MILAN (Reuters) – The new boss of Telecom Italia set out the virtues of his standalone plan as an alternative to a takeover approach from KKR but shares in the company plunged on Thursday after a record loss and a gloomy forecast for this year.
Newly-appointed CEO Pietro Labriola, who took the helm only in January after a string of profit warnings, said he would pursue a strategy to revamp Italy’s telecoms firm centred on a separation of its prized network operations.
An annual loss of 8.7 billion euros ($9.7 billion) forced TIM to suspend dividend payments and rattled investors, underscoring the challenges the debt-laden company faces.

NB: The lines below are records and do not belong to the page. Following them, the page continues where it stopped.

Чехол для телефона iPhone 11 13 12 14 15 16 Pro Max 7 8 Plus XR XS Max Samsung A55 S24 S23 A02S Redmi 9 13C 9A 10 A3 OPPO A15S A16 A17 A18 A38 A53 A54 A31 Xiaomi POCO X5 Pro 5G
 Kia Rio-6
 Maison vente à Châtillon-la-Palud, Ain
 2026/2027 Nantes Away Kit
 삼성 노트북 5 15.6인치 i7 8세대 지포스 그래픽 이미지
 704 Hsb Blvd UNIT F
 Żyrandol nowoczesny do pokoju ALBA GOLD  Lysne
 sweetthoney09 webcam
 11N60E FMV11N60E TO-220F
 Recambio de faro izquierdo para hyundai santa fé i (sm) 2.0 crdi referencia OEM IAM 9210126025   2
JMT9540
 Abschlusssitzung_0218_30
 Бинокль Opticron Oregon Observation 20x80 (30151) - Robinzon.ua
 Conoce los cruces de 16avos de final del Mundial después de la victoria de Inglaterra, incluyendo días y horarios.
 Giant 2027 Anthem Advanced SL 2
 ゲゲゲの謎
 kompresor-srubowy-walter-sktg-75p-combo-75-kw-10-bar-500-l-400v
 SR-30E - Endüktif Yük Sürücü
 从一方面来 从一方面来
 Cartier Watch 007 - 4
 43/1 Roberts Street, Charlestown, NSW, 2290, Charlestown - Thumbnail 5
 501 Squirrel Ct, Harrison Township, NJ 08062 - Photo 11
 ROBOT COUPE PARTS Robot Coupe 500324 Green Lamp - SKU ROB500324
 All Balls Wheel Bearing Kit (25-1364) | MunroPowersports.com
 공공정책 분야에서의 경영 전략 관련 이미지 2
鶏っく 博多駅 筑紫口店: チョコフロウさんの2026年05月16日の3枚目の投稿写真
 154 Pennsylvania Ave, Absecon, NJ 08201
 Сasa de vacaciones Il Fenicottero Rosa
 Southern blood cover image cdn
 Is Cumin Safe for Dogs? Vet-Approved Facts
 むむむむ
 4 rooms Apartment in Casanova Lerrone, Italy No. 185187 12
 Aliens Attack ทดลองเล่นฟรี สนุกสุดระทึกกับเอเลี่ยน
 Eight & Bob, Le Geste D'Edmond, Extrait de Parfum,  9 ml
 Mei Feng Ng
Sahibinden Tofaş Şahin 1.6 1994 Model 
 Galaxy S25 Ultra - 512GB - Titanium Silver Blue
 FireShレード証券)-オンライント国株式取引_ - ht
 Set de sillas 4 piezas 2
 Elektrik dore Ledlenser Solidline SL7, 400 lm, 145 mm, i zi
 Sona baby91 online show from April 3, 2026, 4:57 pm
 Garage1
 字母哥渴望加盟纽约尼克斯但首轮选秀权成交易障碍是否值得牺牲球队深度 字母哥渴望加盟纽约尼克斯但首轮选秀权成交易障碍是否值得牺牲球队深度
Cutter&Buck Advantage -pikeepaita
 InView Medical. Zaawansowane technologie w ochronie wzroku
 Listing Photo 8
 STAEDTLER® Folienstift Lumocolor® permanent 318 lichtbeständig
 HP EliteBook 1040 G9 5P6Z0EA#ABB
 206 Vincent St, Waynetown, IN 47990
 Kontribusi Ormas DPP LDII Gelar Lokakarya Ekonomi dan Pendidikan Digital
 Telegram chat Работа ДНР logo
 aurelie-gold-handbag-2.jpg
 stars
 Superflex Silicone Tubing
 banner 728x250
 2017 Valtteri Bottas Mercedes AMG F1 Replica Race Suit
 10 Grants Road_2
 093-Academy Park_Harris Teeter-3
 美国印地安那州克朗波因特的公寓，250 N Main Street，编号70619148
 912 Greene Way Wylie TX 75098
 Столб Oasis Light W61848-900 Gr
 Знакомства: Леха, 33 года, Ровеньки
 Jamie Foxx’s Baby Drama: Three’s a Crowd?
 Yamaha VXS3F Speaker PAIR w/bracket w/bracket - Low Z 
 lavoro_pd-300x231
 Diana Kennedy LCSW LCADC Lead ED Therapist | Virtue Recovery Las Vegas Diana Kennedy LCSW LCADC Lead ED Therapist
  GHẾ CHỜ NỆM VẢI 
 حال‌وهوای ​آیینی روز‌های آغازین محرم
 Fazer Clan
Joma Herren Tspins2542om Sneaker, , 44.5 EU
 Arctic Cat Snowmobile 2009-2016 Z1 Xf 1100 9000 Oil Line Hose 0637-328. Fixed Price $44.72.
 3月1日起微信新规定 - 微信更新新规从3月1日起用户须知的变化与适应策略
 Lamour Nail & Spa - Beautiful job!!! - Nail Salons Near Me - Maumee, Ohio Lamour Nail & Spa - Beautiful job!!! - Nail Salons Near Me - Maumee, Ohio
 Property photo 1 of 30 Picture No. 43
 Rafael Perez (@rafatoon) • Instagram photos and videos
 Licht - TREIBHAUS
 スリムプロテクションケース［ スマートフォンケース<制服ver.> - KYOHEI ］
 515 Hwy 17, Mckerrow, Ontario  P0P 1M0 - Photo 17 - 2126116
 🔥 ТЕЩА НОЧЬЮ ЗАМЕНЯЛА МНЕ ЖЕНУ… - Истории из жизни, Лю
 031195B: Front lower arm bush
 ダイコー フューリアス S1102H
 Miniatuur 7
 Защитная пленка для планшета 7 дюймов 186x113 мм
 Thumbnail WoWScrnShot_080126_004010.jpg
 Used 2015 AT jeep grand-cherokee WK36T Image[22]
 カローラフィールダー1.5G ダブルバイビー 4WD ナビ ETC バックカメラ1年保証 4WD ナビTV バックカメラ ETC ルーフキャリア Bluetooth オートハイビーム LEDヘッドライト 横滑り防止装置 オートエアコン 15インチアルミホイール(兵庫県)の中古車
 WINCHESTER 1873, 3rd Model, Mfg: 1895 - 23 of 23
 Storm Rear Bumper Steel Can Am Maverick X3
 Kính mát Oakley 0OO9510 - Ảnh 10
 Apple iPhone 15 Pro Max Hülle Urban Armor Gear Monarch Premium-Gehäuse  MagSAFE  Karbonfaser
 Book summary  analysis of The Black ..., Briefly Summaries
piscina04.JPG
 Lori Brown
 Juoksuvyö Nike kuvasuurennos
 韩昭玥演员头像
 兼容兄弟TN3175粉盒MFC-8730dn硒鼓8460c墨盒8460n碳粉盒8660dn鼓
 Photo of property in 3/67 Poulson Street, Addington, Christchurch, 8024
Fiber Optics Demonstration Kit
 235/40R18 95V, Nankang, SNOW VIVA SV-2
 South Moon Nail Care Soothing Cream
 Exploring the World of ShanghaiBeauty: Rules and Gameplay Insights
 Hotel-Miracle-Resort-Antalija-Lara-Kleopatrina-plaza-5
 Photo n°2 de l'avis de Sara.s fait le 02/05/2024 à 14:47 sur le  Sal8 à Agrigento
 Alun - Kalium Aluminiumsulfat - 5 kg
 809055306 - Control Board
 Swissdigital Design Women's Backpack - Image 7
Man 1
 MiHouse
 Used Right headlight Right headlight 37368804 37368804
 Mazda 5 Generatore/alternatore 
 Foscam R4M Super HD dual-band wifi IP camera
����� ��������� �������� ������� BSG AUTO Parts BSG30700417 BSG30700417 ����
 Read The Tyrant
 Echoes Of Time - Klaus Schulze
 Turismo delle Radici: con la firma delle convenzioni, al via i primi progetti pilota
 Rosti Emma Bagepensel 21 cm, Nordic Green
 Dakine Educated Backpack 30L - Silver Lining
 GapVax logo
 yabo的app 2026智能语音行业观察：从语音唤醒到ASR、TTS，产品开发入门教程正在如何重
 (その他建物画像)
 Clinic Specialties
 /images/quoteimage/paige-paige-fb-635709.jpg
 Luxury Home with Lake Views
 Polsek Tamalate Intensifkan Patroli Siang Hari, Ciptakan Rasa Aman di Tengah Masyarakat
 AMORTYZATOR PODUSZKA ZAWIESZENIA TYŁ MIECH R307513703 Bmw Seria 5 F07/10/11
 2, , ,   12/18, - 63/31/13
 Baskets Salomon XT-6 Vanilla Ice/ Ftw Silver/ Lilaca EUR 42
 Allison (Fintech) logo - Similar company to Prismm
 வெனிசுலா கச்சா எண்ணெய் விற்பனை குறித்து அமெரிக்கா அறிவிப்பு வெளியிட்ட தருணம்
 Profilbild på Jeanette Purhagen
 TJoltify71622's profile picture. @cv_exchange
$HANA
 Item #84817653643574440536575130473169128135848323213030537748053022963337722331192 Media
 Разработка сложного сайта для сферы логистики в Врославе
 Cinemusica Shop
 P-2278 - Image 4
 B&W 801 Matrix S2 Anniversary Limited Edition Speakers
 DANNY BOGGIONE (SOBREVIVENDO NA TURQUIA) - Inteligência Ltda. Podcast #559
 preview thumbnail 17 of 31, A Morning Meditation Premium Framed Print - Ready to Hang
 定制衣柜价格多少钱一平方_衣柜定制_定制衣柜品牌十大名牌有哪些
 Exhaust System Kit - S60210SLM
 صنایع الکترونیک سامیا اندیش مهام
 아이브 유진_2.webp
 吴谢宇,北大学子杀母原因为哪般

TIM shares tumbled 16% to around 0.29 euros by 1225 GMT, moving back to levels seen just before KKR made its 0.505 euro per share approach in November. That approach valued TIM at 10.8 billion euros.
Based on the current group structure, TIM said it expected EBITDA to be stable over the 2022-24 period after a low-teens decrease in 2022, marking this one out as another tough year.
“We think that the size of FY21 losses leading to no dividends as well as the cautious 2022-24 targets came as a surprise,” Intesa Sanpaolo analysts wrote in a research note.
Backed by TIM’s leading investors Vivendi and state lender CDP, Labriola pointed out his plans for TIM mirrored those outlined by KKR. Vivendi has indicated it thinks the KKR bid is too low.
“Once KKR expresses interest at that price, you realise that the real value of the company is higher,” Labriola, a former head of the Brazilian operation, told reporters.
“If we do it internally the value generated can probably be redistributed among all shareholders, majority and minority,” he added.
The former phone monopoly said late on Wednesday that an assessment by its advisers on KKR’s approach would be finalised shortly and the board would then decide on it. A verdict is expected by mid-March, a source familiar with the matter said.
Separating Telecom Italia’s main businesses could ease a deal to merge its fixed network with that of rival state backed fibre optic firm Open Fiber, a move advocated by CDP.
CDP, which controls a 10% stake in TIM to oversee network assets deemed as strategic by the government, owns a 60% stake in Open Fiber.
KKR is already involved in TIM’s network asset after paying 1.8 billion euros last year for a 37.5% stake in its secondary network, known as FiberCop.
There has been speculation that KKR could ditch its takeover approach and settle for a strengthened role in the new TIM network business but Labriola said there had been no talks on that with the U.S. fund.